Il eut un sursaut d’impatience, Mlle Rubis en fut touchée : aux pas de la vieille, elle s’était redressée pour voir. Elle reprit :

— Tu comprends… après tout ça… on n’a plus qu’à partir…

— Oui…

— Si on était restés à Asnières, on s’aimerait encore…

— P’t-êt’ ben ! répliqua tristement Michel.

— Tu voudras bien prend’ nos affair’s chez Gaspard ?

— J’ vas y aller…

— Y nous faudrait aussi d’ l’argent pour l’ voyage… et pour avoir le temps d’ nous r’tourner en arrivant…

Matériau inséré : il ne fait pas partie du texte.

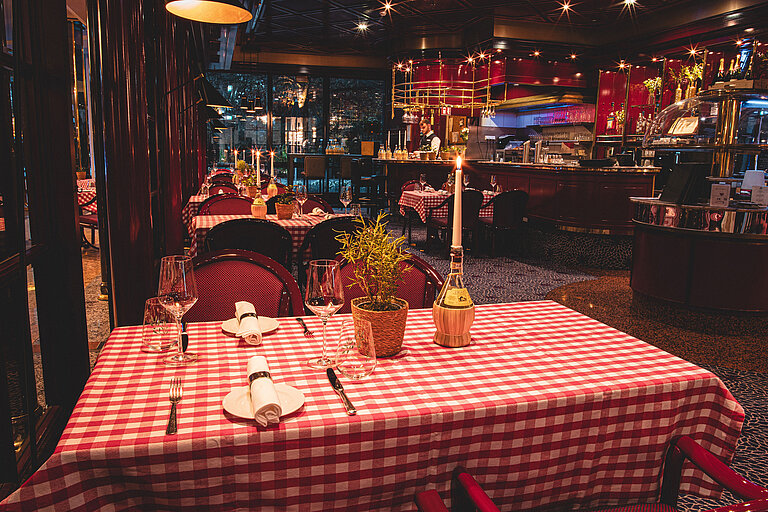Brasserie Restaurant Cosy restaurant table with candle and red checkered pattern in the evening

— Combien qu’ tu voudrais ?

— Avec cinquante francs, ça irait… Ah ! on aurait d’ quoi, j’ t’aurais pas d’ mandé un sou…

Les parents s’agitaient, scandalisés. Michel hésita avant de s’adresser à eux :

— Les avez-vous, ces cinquante francs-là ?

— Et quoi encore avec ! hurla le père.

— Avez-vous cinquante francs, que j’ vous dis ?… M’ les faut, quoi !…

La Michel répliqua :

— Comme tu nous parl’s, mon p’tit !… Ça t’ port’ra pas chance… On n’est pas des riches, pour avoir des cinquante francs à gaspiller… tu l’ sais ben…

— Tant pis pour c’ qui arriv’ra !… J’ vas les d’mander au grand-père… et faudra qu’y m’ les donne… coûte que coûte…

Michel attendit l’effet de cette menace. Les vieux se consultaient. Mlle Youyou se reprit à pleurer et l’aînée serrait les dents, de dégoût et de rage. Le boiteux, enfin, déclara :

— D’mande à ta mère… on n’a pas dix francs, ici !…

— Alors, c’est bon… j’vas chez l’ancien… Et on verra !…

Mlle Rubis se jeta à son cou, s’écriant :

— Ah ! Michel !…

Il lui restitua le nom dont il l’avait appelée, la première nuit de leur liaison, pour mêler à son amour un souvenir de son village :

— Ma Marie !…

Après ce baiser, il partit en courant. Mlle Rubis était songeuse. Elle regardait sans haine le couple qui se méfiait, et elle demanda :

— Madame… vous permettez qu’on attende ici ?… Ma sœur est bien fatiguée…

Les Michel semblaient ne l’avoir pas entendue. Leur face parcheminée étaient sévère, parce qu’ils calculaient. Du soleil jouait dans les cheveux fauves et dans les cheveux châtains des deux filles ; et, mieux que tous les fards, la lumière libre exaltait leur jeunesse.